Sabtu, 18 Apr 2026
light_mode
Trending Tags
Beranda » BEWARA » 3 Pemikir Politik Islam Era Klasik

3 Pemikir Politik Islam Era Klasik

  • account_circle Tim Redaksi
  • calendar_month Rab, 28 Sep 2022
  • comment 0 komentar

KANAL31.COM

Ajaran Islam tidak hanya meliputi ibadah ritual, tetapi juga tatanan sosial masyarakat. Sesudah wafatnya Nabi Muhammad SAW, kepemimpinan atas umat Islam diselenggarakan dalam berbagai format.

Sejumlah pemikir menguraikan kriteria kepemimpinan yang ideal menurut agama ini. Pada masa klasik, yakni sejak abad kedelapan hingga ke-15, para penulis yang menggeluti tema politik cukup banyak. Di antaranya adalah al-Farabi, al-Mawardi, dan Ibnu Khaldun.

Masing-masing mereka memiliki gagasan tersendiri tentang bagaimana pemerintahan berlangsung. Setiap sosok itu menulis dalam konteks zaman yang berbeda, tetapi karya-karya mereka telah menginsipirasi generasi yang datang kemudian. Bahkan, kajian atas tulisan-tulisan mereka tetap dikaji kalangan akademisi era sekarang, baik dari kalangan ilmuwan Muslim maupun yang bukan.

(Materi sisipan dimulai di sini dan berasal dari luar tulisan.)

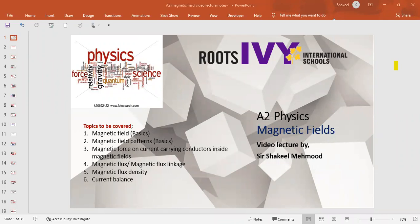Dear students, hello. This is Shaquille and today we are going to discuss a very important topic from A2 Physics which is magnetic fields. In this particular video lecture we are going to discuss the following topics: the basics about magnetic field, magnetic field pattern, magnetic force on a current carrying conductor placed inside a magnetic field, magnetic flux, magnetic flux linkage, magnetic flux density, and lastly current balance — a method to measure magnetic field strength.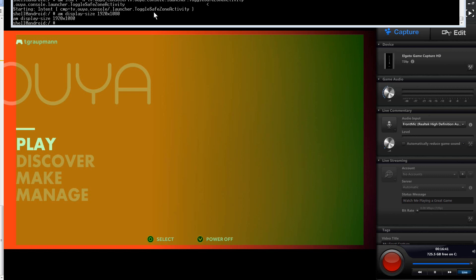Alright, so one of the commands adds this safe area overlay, which helps you figure out what the safe area is, so that you can make sure your important content falls in the safe area.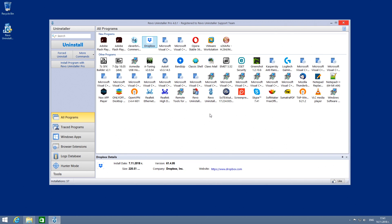Now the uninstall of the selected program is complete, and you can proceed with the next uninstall process.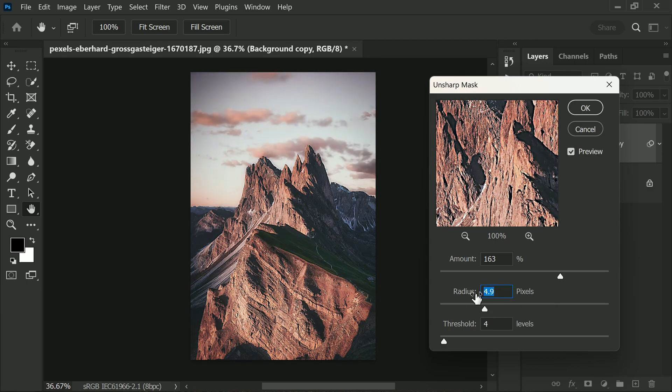Remember, it's always best to apply sharpening as the last step in your editing process. This filter can be especially useful for highlighting specific objects in your photos, such as hair, clothing, food photography, travel photography, macro photography, and close-ups. It's a great way to make those details pop and really stand out.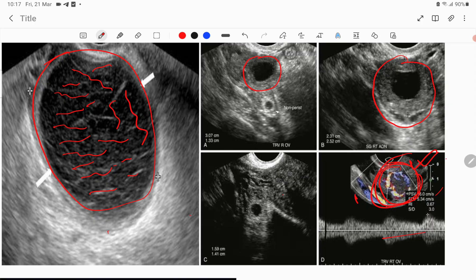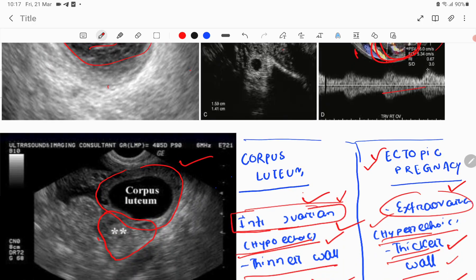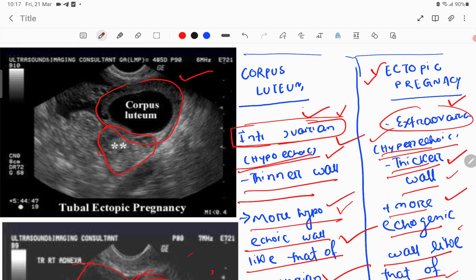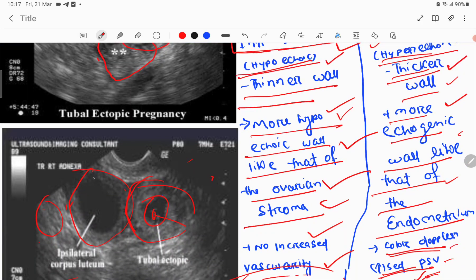This is the ring of fire sign. You can also see the hypoechoic, thinner wall attached to the ovary — this is the corpus luteum. The wall is hypoechoic throughout, and its echogenicity is similar to ovarian tissue.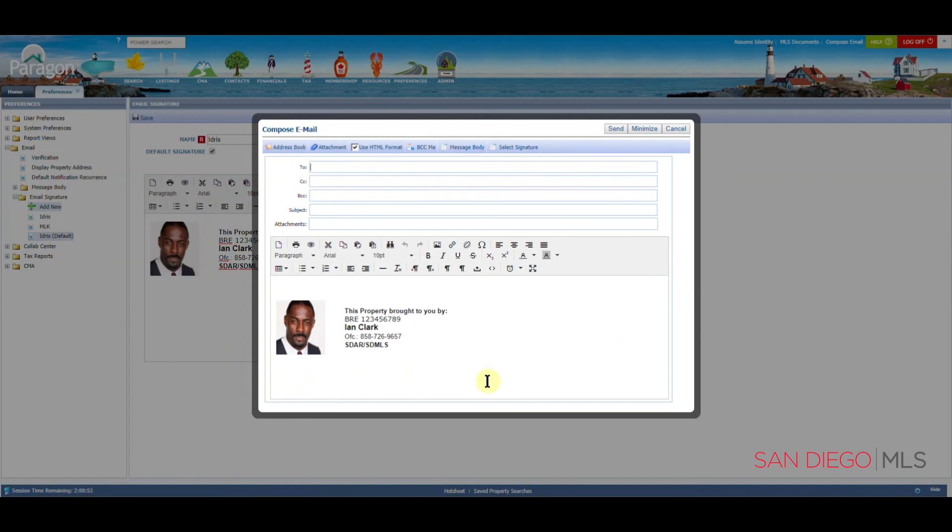For more training videos, please go to SDMLS.com, click on the Paragon icon in the top left, and then select Training Videos. This has been Ian, your MLS Trainer, reminding you to play, pause, and practice.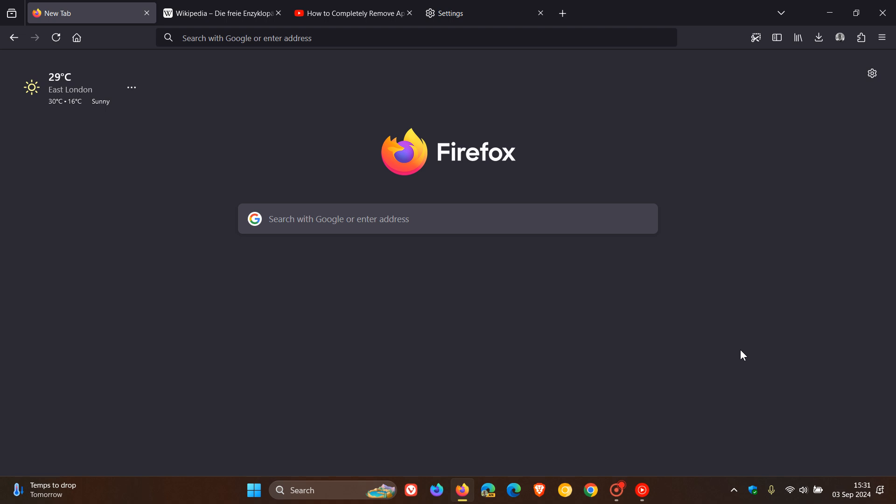So we have a brand new version of Mozilla Firefox rolling out, version 130, which is now the latest release. It started rolling out maybe half an hour ago earlier today on the 3rd of September 2024. Now this is what I would call a major release. There's quite a lot going on with version 130.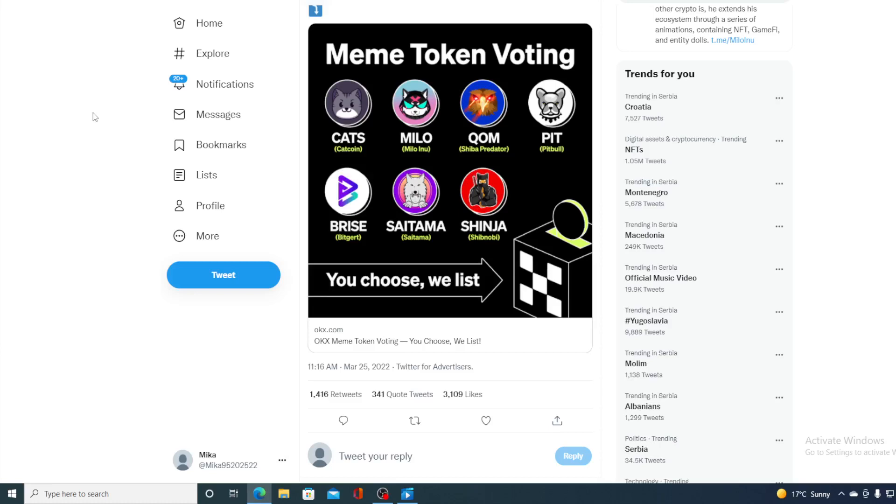Don't miss out on this guys. Meme token voting. You choose real list. Stay tuned to find out more.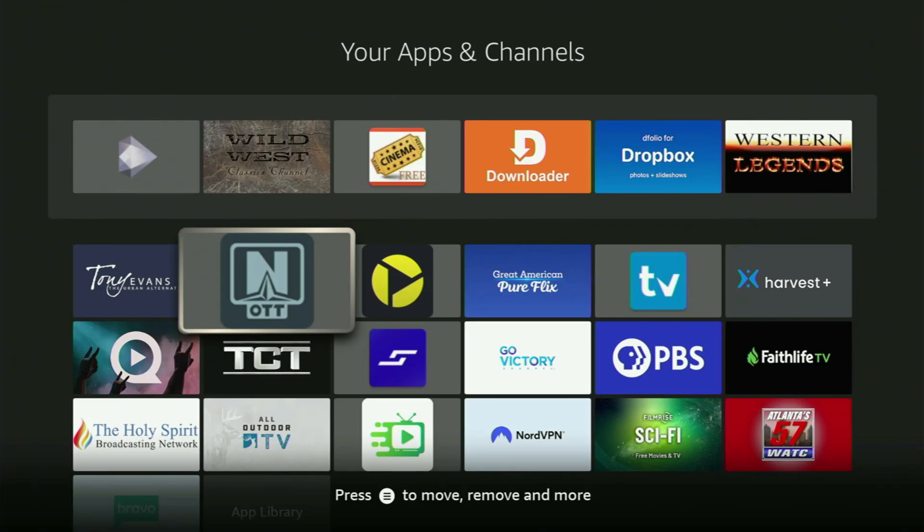Hey, how's it going? Today I'll show you how to get and set up OTT Navigator to your Fire Stick or Android TV device.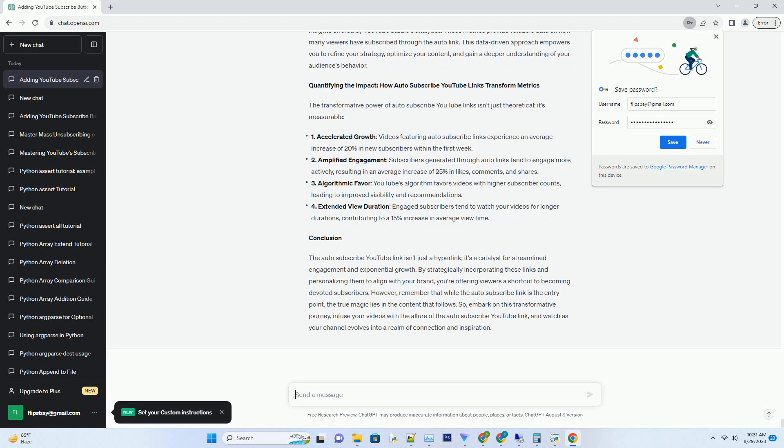This comprehensive guide serves as your compass to understanding the impact of the auto-subscribe YouTube link. From deciphering its importance to providing a step-by-step guide, we'll explore how this link can amplify engagement, skyrocket your subscriber count, and transform your channel's trajectory.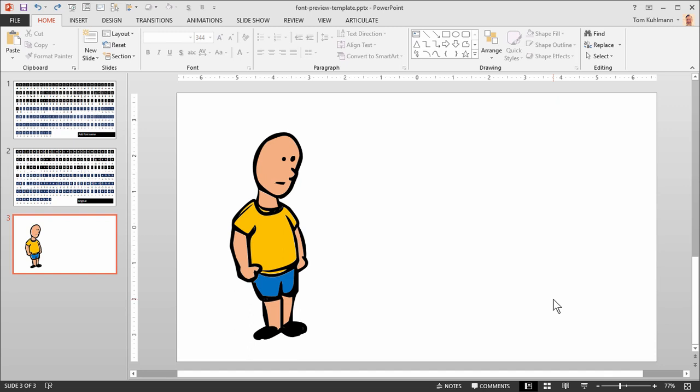Alright, so in this quick tutorial I'm going to show you how to create something like this from one of those free wingding or dingbat type fonts.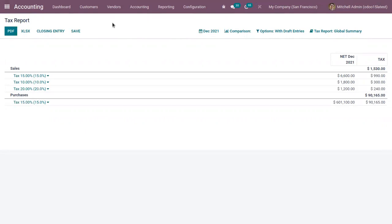That's all for this video. If you want to know how financial reports in Odoo are customized, you can check the link above — we have done a video on that. If you're looking for any Odoo implementation or customization for your business, drop your request to odoowatsibrosis.com.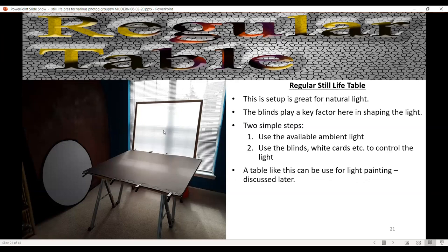This is a regular still-life table — sawhorses and plywood, with a black card and brown background board from Plaza Arts, held with spring clamps from any hardware store. I also have a scrim to soften the light further. For natural light, start with what you have, aim it at a 45-degree angle, and shape it using just the blinds and white cards to control it.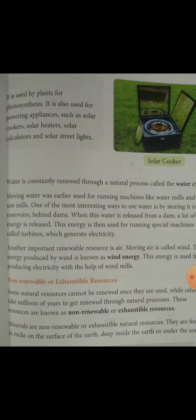Some natural resources cannot be renewed once they are used, while others take millions of years to be renewed through natural processes. These resources are called non-renewable or exhaustible resources.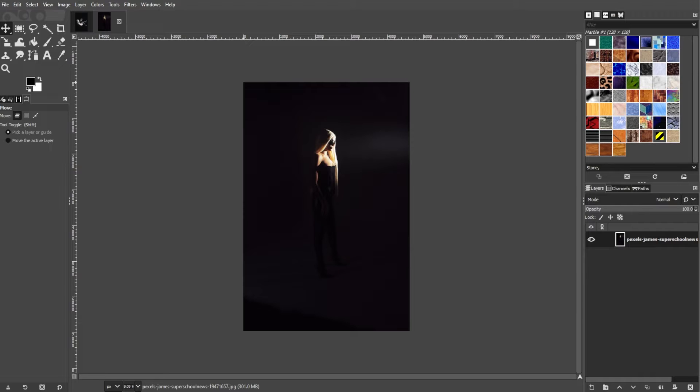Overlaying images in GIMP involves layering one image on top of another to create a composite. Here's a step-by-step guide on how to overlay images in GIMP.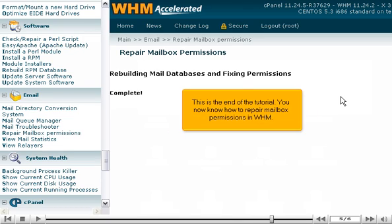This is the end of the tutorial. You now know how to repair mailbox permissions in WHM.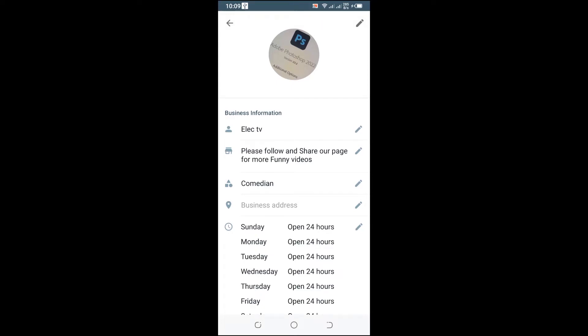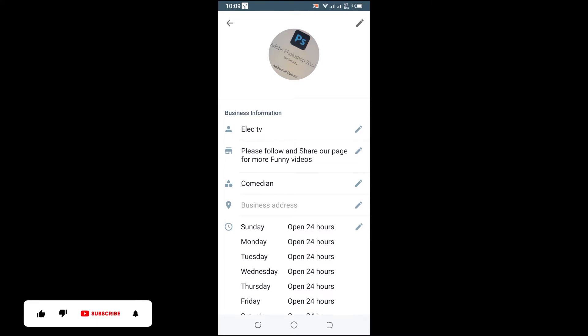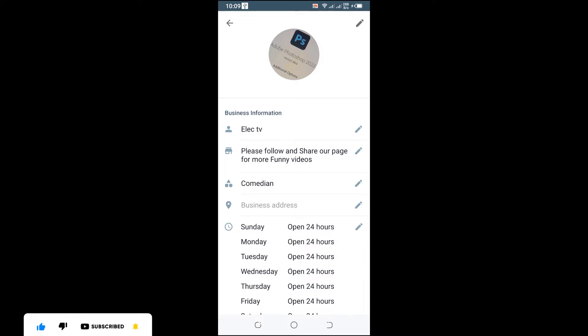Hello guys, in this tutorial I'll be showing you how to enable dark mode on WhatsApp. If you are new to this channel, don't forget to like, subscribe, share, and hit the notification bell in order not to miss my upcoming tutorials. So without further delay, let's get started.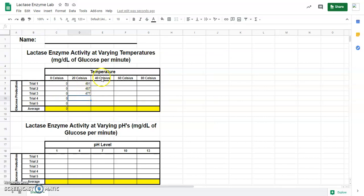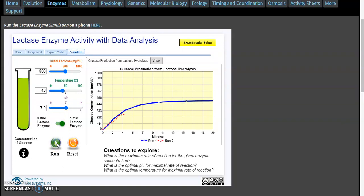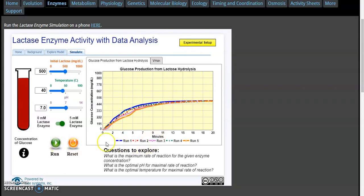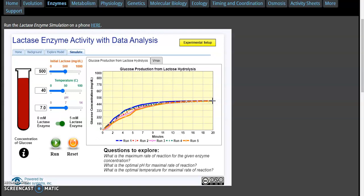Now we're going to do 40 degrees Celsius. Each time we hit run, it's simulating a 20-minute trial. After 20 minutes, run 1 was 498 — put that in trial 1 for 40 degrees Celsius. Trial 2 at 40 degrees Celsius is 497. Trial 3 is 494. Trial 4 is 492. Trial 5 is 494.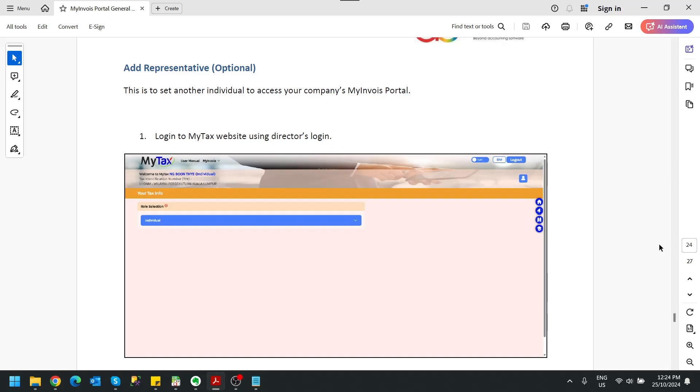We have come to this section where we will guide you how to add representatives for your MyInvoice model. So this is an optional step. Sometimes director might not have the time to handle all this administrative stuff in MyInvoice portal.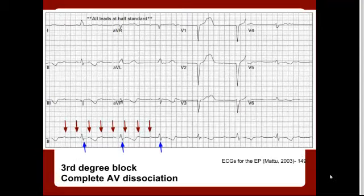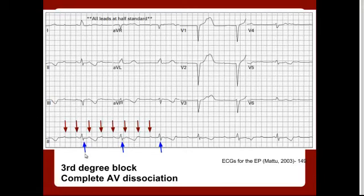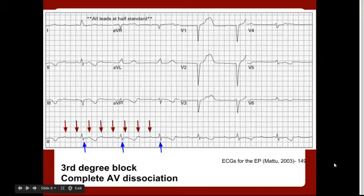In our third example — case 149 in the book — this is a third degree AV block with complete dissociation, meaning the P waves and the QRS complexes have no relation to each other. I've pointed out the P waves with red arrows along the strip. Then I marched out on the bottom line — the top tick marks are the P waves and the bottom marks are the QRS complexes. You can see they have no relation to each other, confirming a third degree block with complete AV dissociation.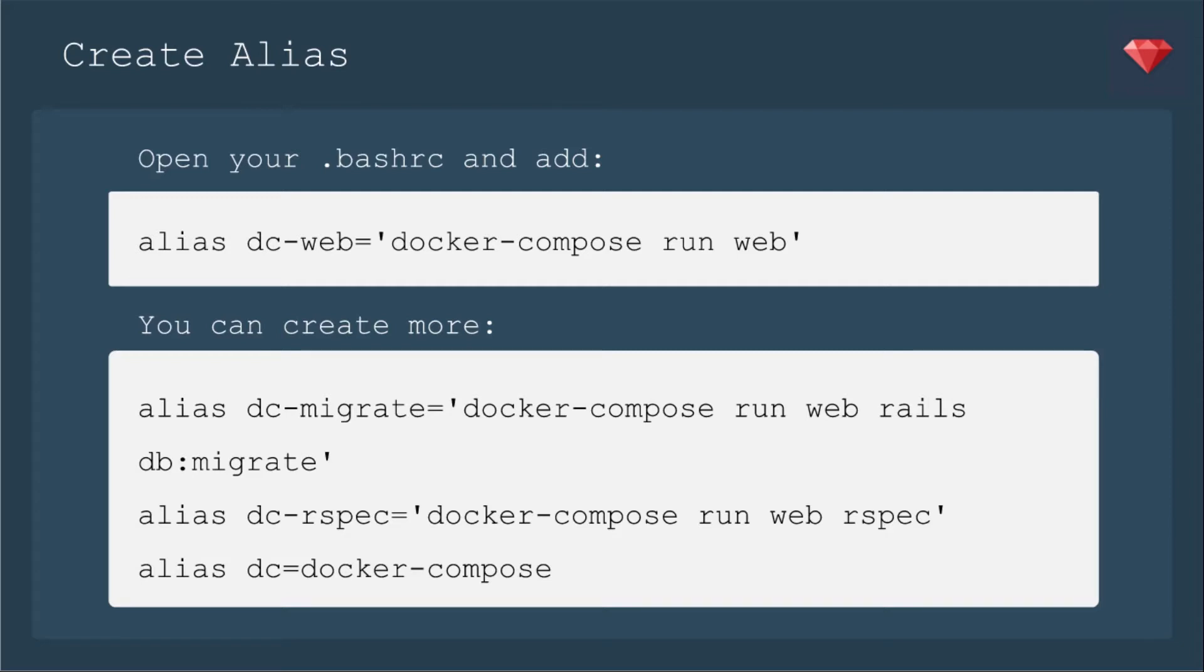So I've made up a couple here. You should name them something that you can remember. I've decided to use dc-web for docker-compose run web, dcmigrate for any time I need to migrate the database, dc-rspec any time I need to run a test.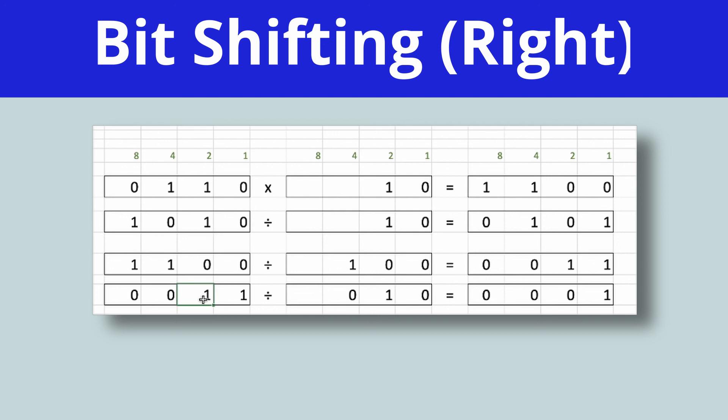Okay, so that's a brief overview of bit shifting to the right. As always, if you have any questions, let me know. And I look forward to seeing you all soon. Take care.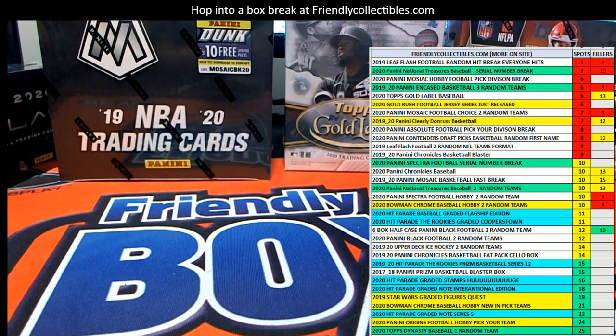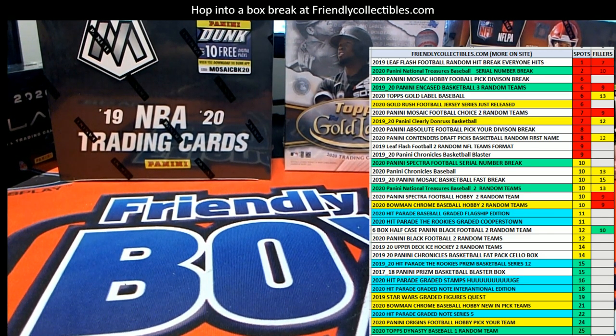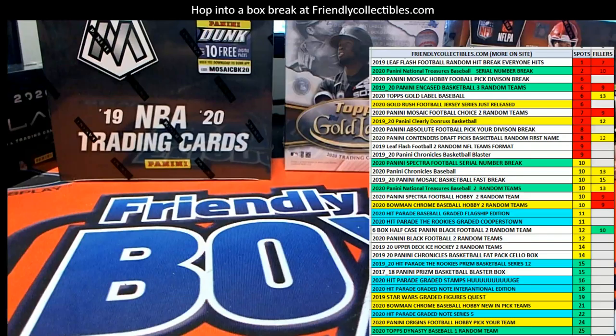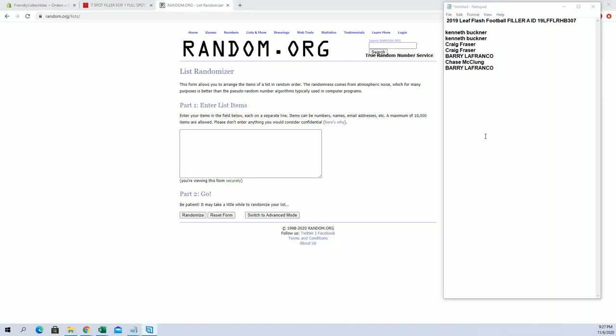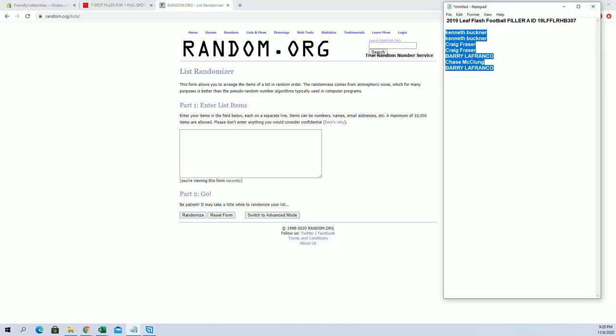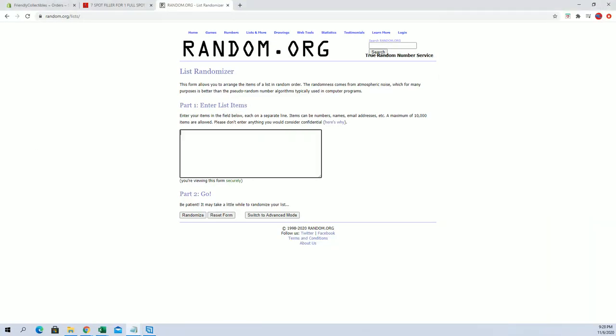All right guys, this is Flash Football Filler A for box 307. Good luck with the break. I think it's currently at one left, and there's another seven spot filler for one spot. Top spot after seven guys, you'll be in the random hit Flash Football.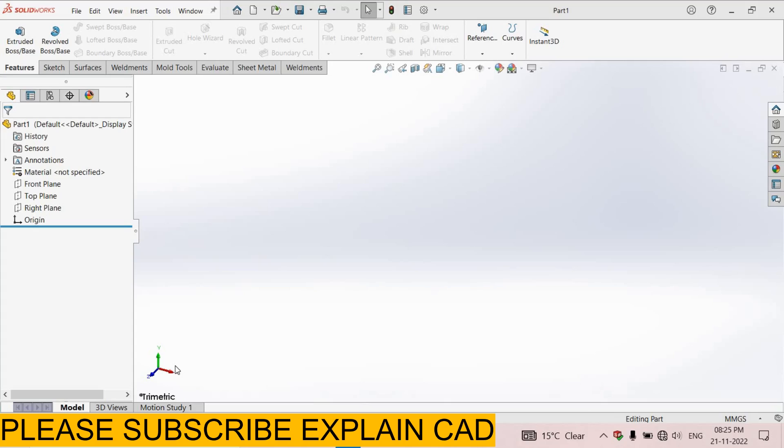Welcome back to explainCAD. In this tutorial we will create the pneumatic cylinder housing and the backing seal. These are very simple tutorials.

Berikut ini adalah tiga figur sarjana Muslim era klasik yang menekuni ilmu politik, seperti dilansir Republika, Rabu (28/09/2022).

 

  1. Al-Farabi

Nama lengkapnya, Abu Nashr Muhammad bin Muhammad bin Tarkas bin Auzalagh. Dia lahir pada 870 Masehi di Utrar, wilayah yang kini menjadi bagian dari negara Uzbekistan. Kota tersebut bernama lain Farab sehingga dari sanalah nama gelarnya berasal.

Banyak pakar menilai, pemikiran al-Farabi menunjukkan pengaruh gagasan para filsuf Yunani Kuno, semisal Plato atau Aristoteles. Menurut dia, tatanan bermasyarakat bertujuan untuk menghasilkan kebahagiaan bagi setiap warga, baik di dunia maupun akhirat kelak.

Karya-karyanya yang terkait dengan ilmu politik ialah as-Siyasah al-Madaniyah dan Ara’ Ahl al-Madinah al-Fadhilah. Menurut dia, ada dua kualitas, yakni negara utama (al-madinah al-fadhilah) dan negara bukan utama.

Sifat utama dapat dilekatkan pada suatu negara bila di dalamnya masyarakat hidup rukun dan saling bekerja sama. Tiap warga bagaikan satu bagian tubuh yang apabila salah satunya terluka, maka rasa sakitnya dirasa seluruh badan.

Tentu saja, tiap bagian tubuh memiliki fungsi yang berlainan. Akan tetapi, perbedaan itu tak menjadi halangan untuk saling bekerja sama. Justru, kolaborasi itulah yang membuat mereka berfungsi dengan baik.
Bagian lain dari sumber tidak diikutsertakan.